可指定causal参数,来生成普通的attention mask 还是causal mask:

#!/usr/bin/env python3
# -*- coding: utf-8 -*-

from tensorflow.keras.layers import Layer, Masking
import tensorflow as tf

class AttentionMask(Layer):
    """
	Computes attention mask.
	"""

    def __init__(self, causal, mask_value=-1e9):
        """
        Argument/s:
			causal - causal attention mask flag.
			mask_value - value used to mask components that aren't to be attended
				to (typically -1e9).
        """
        super(AttentionMask, self).__init__()
        self.causal = causal
        self.mask_value = mask_value
        if not isinstance(mask_value, float): raise ValueError("Mask value must be a float.")

    def call(self, inp):
        """
		Compute attention mask.

		Argument/s:
			inp - used to compute sequence mask.

		Returns:
			Attention mask.
		"""
        batch_size = tf.shape(inp)[0]
        max_seq_len = tf.shape(inp)[1]
        flat_seq_mask = Masking(mask_value=0.0).compute_mask(inp)
        seq_mask = self.merge_masks(tf.expand_dims(flat_seq_mask, axis=1), tf.expand_dims(flat_seq_mask, axis=2))
        ### HERE !!! ###
        causal_mask = self.lower_triangular_mask([1, max_seq_len, max_seq_len]) if self.causal else None
        ################
        logical_mask = self.merge_masks(causal_mask, seq_mask)
        unmasked = tf.zeros([batch_size, max_seq_len, max_seq_len])
        masked = tf.fill([batch_size, max_seq_len, max_seq_len], self.mask_value)
        att_mask = tf.where(logical_mask, unmasked, masked)
        seq_mask = tf.cast(seq_mask, tf.float32)
        return att_mask, seq_mask

    def lower_triangular_mask(self, shape):
        """
		Creates a lower-triangular boolean mask over the last 2 dimensions.

		Argument/s:
			shape - shape of mask.

		Returns:
			causal mask.
		"""
        row_index = tf.math.cumsum(
            tf.ones(shape=shape, dtype=tf.int32, name="row"), axis=-2)
        col_index = tf.math.cumsum(
            tf.ones(shape=shape, dtype=tf.int32, name="col"), axis=-1)
        return tf.math.greater_equal(row_index, col_index)

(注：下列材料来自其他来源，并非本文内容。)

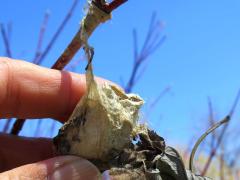 () (Polyphemus Moth) cocoon on Red-osier Dogwood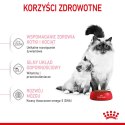 ROYAL CANIN Mother & Babycat 34 0,4kg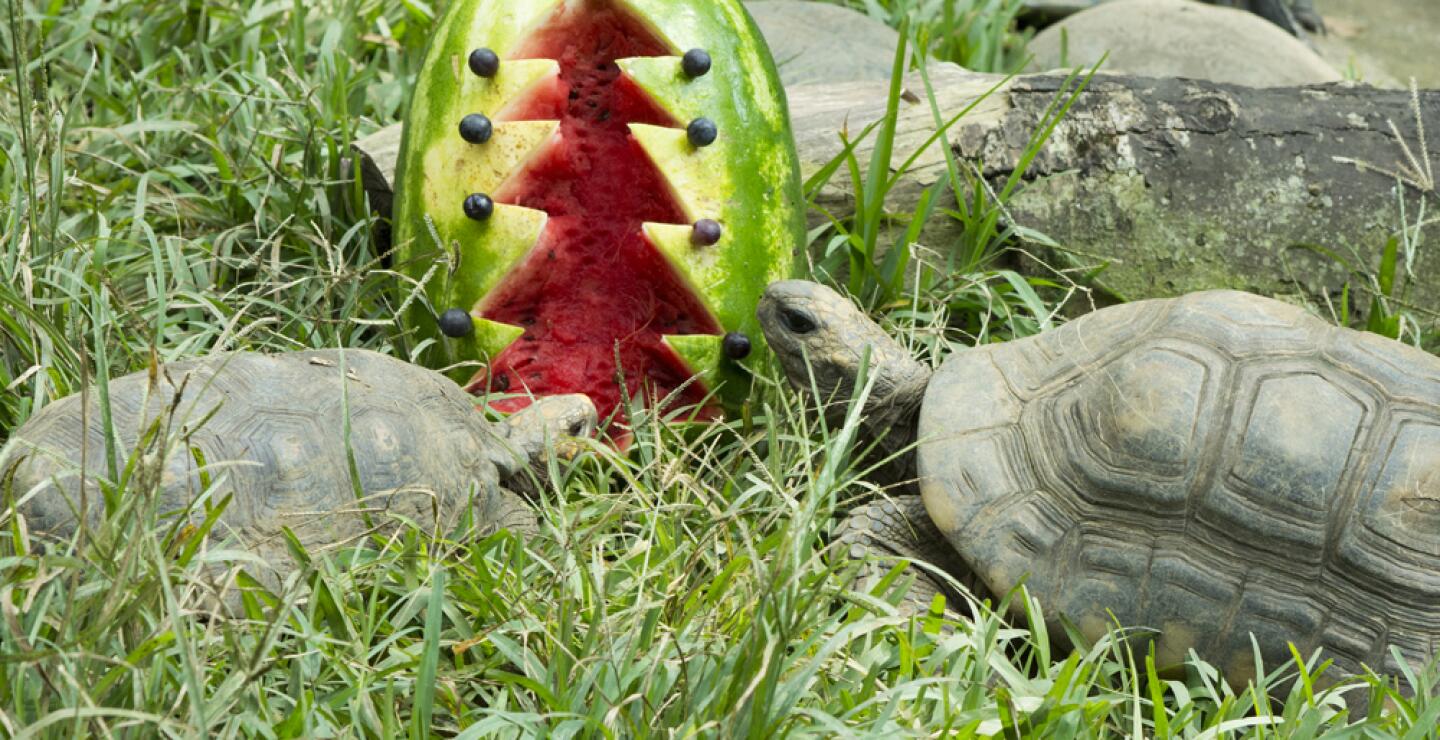 275576_Foto: Zoólogico de Cali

    def merge_masks(self, x, y):
        """
		Merges a sequence mask and a causal mask to make an attantion mask.

		Argument/s:
			x - mask.
			y - mask.

		Returns:
			Attention mask.
		"""
        if x is None: return y
        if y is None: return x
        return tf.math.logical_and(x, y)

2. Causal Mask (with n_backtrce)

即带有n_backtrce的因果mask,继承上面的AttentionMask:

class AttentionMask_Causal_Backtrace(AttentionMask):
    """
	Computes attention mask appropriate for tf.keras.layers.MultiHeadAttention.
	"""

    def __init__(self, causal, n_backtrace=None):
        """
		Argument/s:
			causal - causal attention mask flag.
			n_backtrace - (int) number of backtrace
		"""
        super().__init__(causal)
        self.causal = causal
        self.n_backtrace = n_backtrace

    def call(self, inp):
        """
		Compute attention mask.

		Argument/s:
			inp - used to compute sequence mask.

		Returns:
			Attention mask.
		"""
        batch_size = tf.shape(inp)[0]
        max_seq_len = tf.shape(inp)[1]
        flat_seq_mask = Masking(mask_value=0.0).compute_mask(inp)
        seq_mask = self.merge_masks(tf.expand_dims(flat_seq_mask, axis=1), tf.expand_dims(flat_seq_mask, axis=2))
        ### HERE !!! ###
        causal_mask = self.lower_triangular_mask([batch_size, max_seq_len, max_seq_len]) if self.causal else None
        bt_mask = self.backtrace_mask([1, max_seq_len, max_seq_len]) \
            if self.causal and self.n_backtrace else None
        ################
        logical_mask = self.merge_masks(causal_mask, seq_mask)
        logical_mask = self.merge_masks(logical_mask, bt_mask)
        att_mask = tf.cast(logical_mask, tf.float32)
        att_mask = tf.reshape(att_mask, [batch_size, 1, max_seq_len, max_seq_len])
        return att_mask

    def backtrace_mask(self, shape):
        """
		Creates a lower-triangular boolean mask over the last 2 dimensions.

		Argument/s:
			shape - shape of mask.

		Returns:
			causal mask.
		"""
        row_index = tf.math.cumsum(
            tf.ones(shape=shape, dtype=tf.int32, name="row"), axis=-2)
        col_index = tf.math.cumsum(
            tf.ones(shape=shape, dtype=tf.int32, name="col"), axis=-1)
        return tf.math.less_equal(row_index, col_index + self.n_backtrace)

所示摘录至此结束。